▶ **Material for this exercise**:
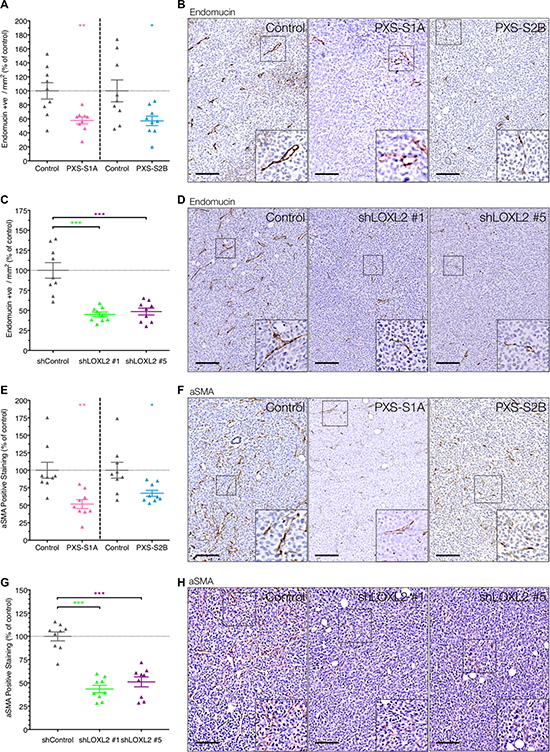 LOXL2 inhibition decreases tumor angiogenesis and CAF activation.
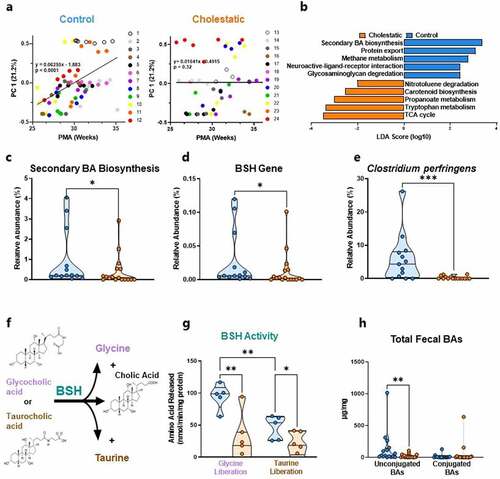 Figure 2. Cholestasis disrupts microbiota maturation. (a) Position on PC Axis 1 increases linearly with increasing PMA in control neonates; this pattern is absent in cholestatic neonates (n = 49–64). (b) LEfSe analysis identified secondary bile acid biosynthesis as the most enriched pathway in control neonates compared to cholestatic neonates 32–40 weeks PMA (n = 13–17). Relative abundances of (c) the secondary bile acid biosynthesis pathway, (D) the BSH gene, and (e) the BSH-carrying bacterium Clostridium perfringens are reduced in cholestatic neonates at 32–40 weeks PMA (n = 13–17). (f) Schematic of BSH activity assay. (g) Glycine deconjugation is preferred over taurine deconjugation in stool from control neonates; BSH activity is reduced in stool from cholestatic neonates (n = 5–6). (h) Total fecal unconjugated bile acids are reduced in cholestatic neonates, although the quantity of fecal conjugated bile acids is unchanged between groups (n = 16–18). BA, bile acid; BSH, bile salt hydrolase; LDA, linear discriminate analysis; LEfSe, linear discriminate analysis effect size; PC, principal coordinate; PMA, post-menstrual age.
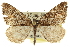  ( - CCDB-20283-H05)  @13 [ ] CreativeCommons - Attribution (2013) CBG Photography Group Centre for Biodiversity Genomics
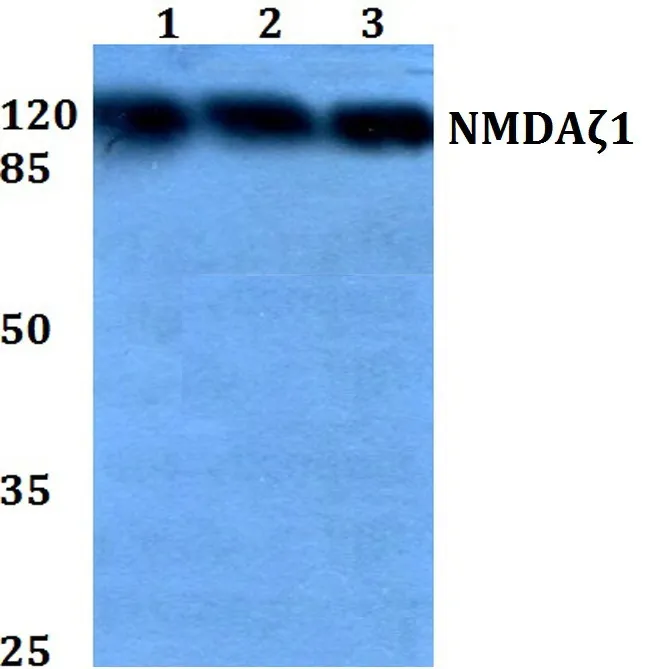 NMDAR1 (GRIN1) Rabbit Polyclonal Antibody - image 1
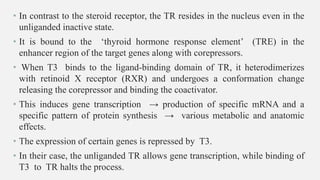 • In contrast to the steroid receptor, the TR resides in the nucleus even in the
unliganded inactive state.
• It is bound to the ‘thyroid hormone response element’ (TRE) in the
enhancer region of the target genes along with corepressors.
• When T3 binds to the ligand-binding domain of TR, it heterodimerizes
with retinoid X receptor (RXR) and undergoes a conformation change
releasing the corepressor and binding the coactivator.
• This induces gene transcription → production of specific mRNA and a
specific pattern of protein synthesis → various metabolic and anatomic
effects.
• The expression of certain genes is repressed by T3.
• In their case, the unliganded TR allows gene transcription, while binding of
T3 to TR halts the process.
 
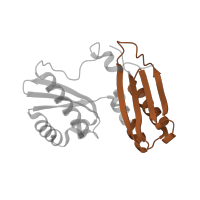 The deposited structure of PDB entry 7p7t contains 1 copy of Pfam domain PF00189 (Ribosomal protein S3, C-terminal domain) in Small ribosomal subunit protein uS3. Showing 1 copy in chain KA [auth d].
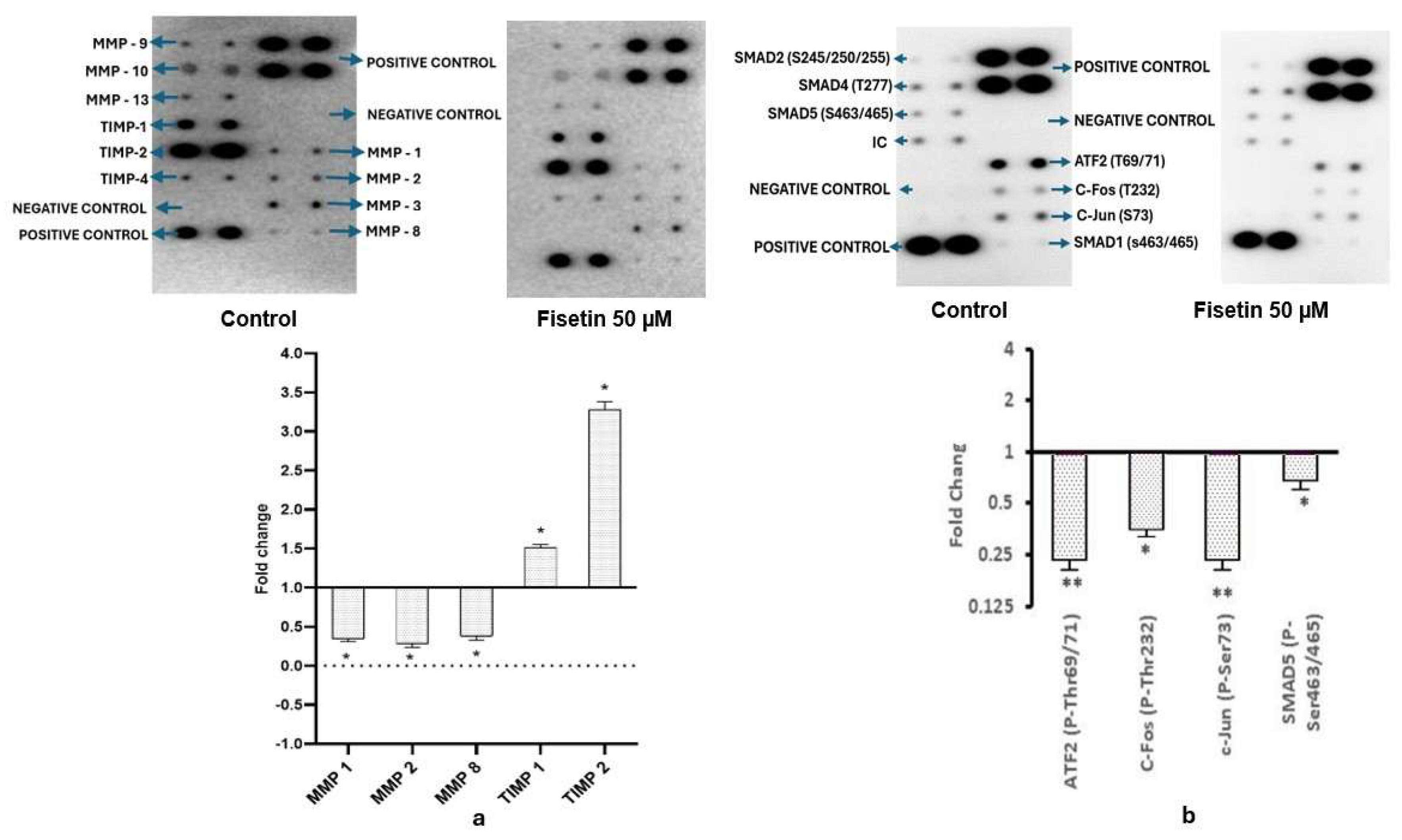 Epigenomes 10 00003 g004 Epigenomes 10 00003 g004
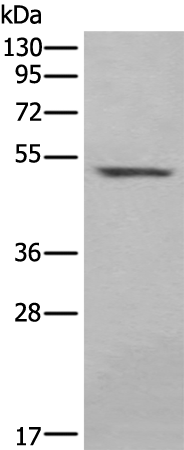 Rabbit Polyclonal Antibody to IRF8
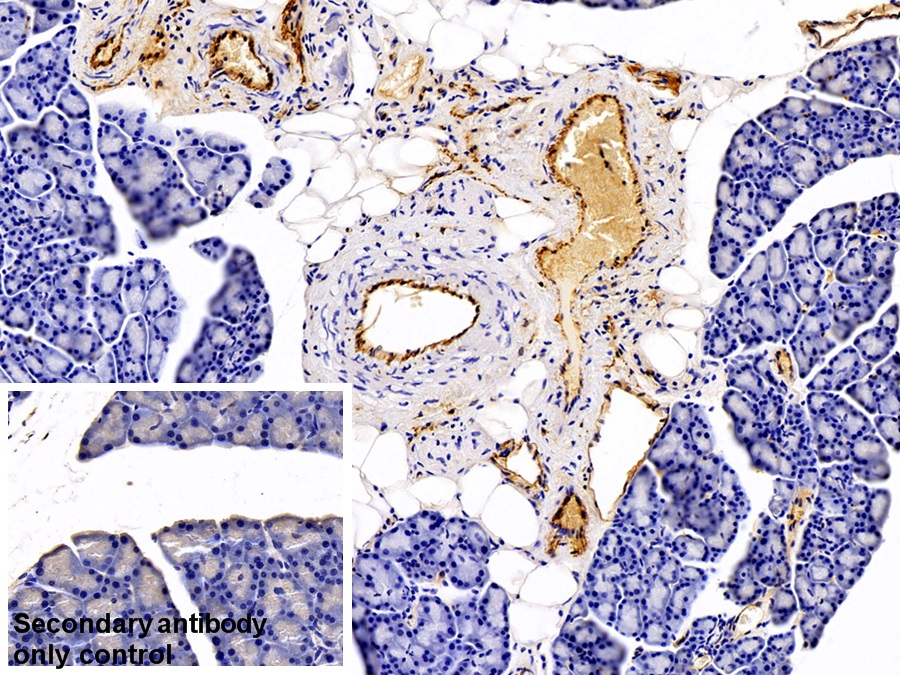 Monoclonal Antibody to Adiponectin (ADPN)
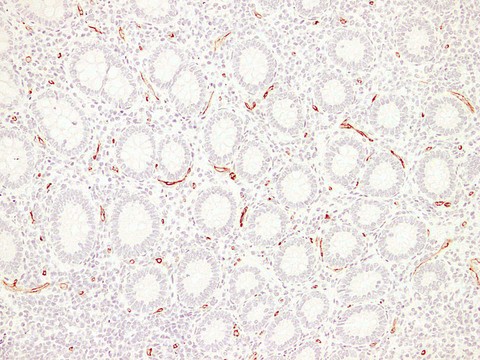 CD34 Antibody - Appendix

▶ **What is being asked**: Your reply should be a single number: the count of lines above that contain the word "binding".

▶ **Answer space**: 3